■ **What this task involves**
Please print, exactly, only the lines in the entries below from the line that has "trytomakememoam's Live XXX Chat" through the line that has "Dressbarn Sleeveless Blue". Pictures don't go in.

■ **Input**

━━━━━━━━

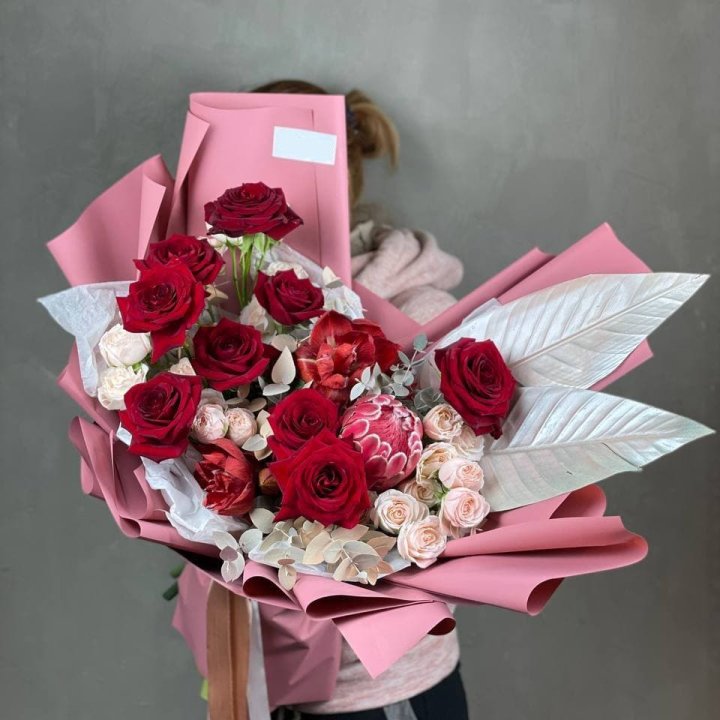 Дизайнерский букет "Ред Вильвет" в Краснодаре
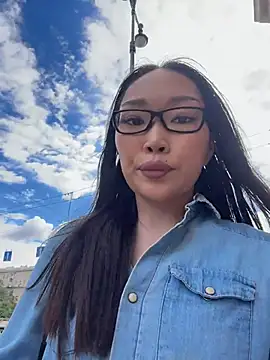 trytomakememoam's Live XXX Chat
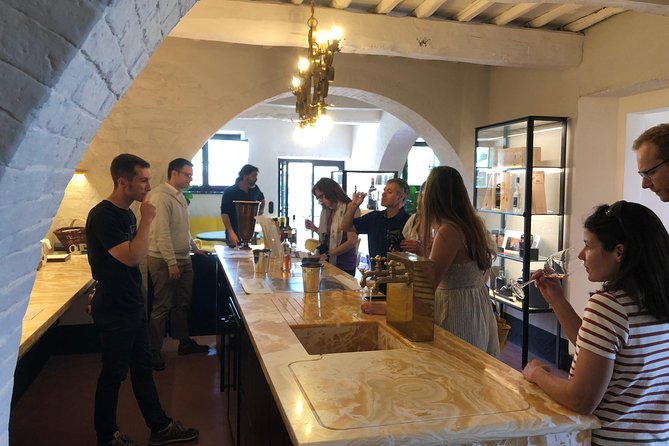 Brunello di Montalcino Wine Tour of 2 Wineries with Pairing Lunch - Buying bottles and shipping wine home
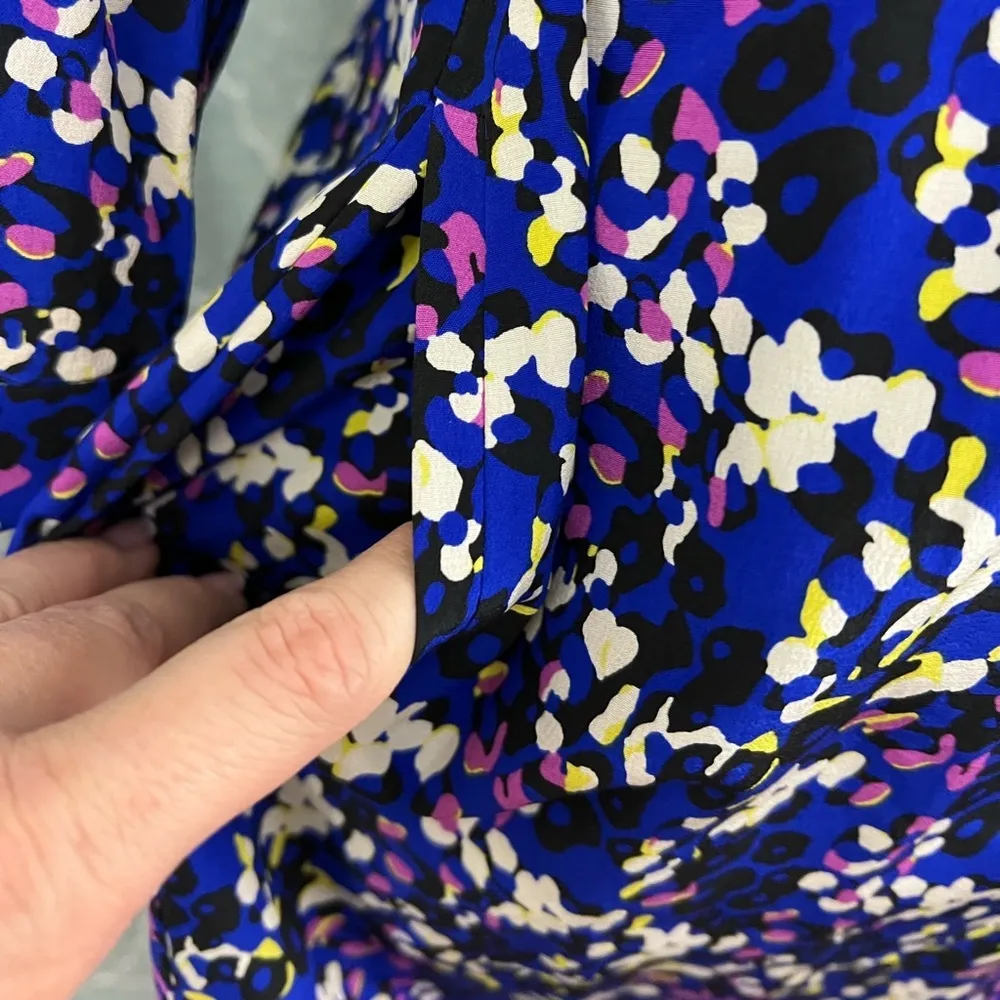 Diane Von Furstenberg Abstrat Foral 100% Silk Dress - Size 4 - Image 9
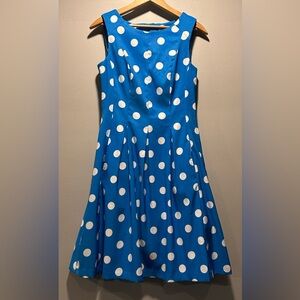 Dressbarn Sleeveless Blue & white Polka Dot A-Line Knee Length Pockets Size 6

━━━━━━━━

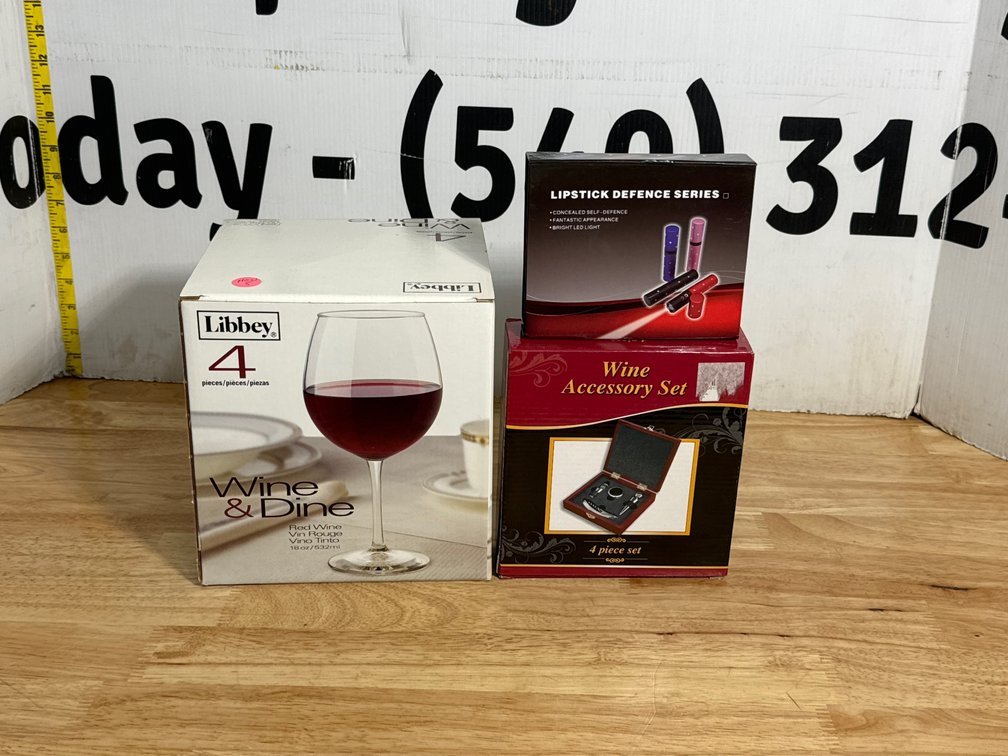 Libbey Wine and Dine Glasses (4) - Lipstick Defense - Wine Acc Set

━━━━━━━━

■ **Task response**
 trytomakememoam's Live XXX Chat
 Brunello di Montalcino Wine Tour of 2 Wineries with Pairing Lunch - Buying bottles and shipping wine home
 Diane Von Furstenberg Abstrat Foral 100% Silk Dress - Size 4 - Image 9
 Dressbarn Sleeveless Blue & white Polka Dot A-Line Knee Length Pockets Size 6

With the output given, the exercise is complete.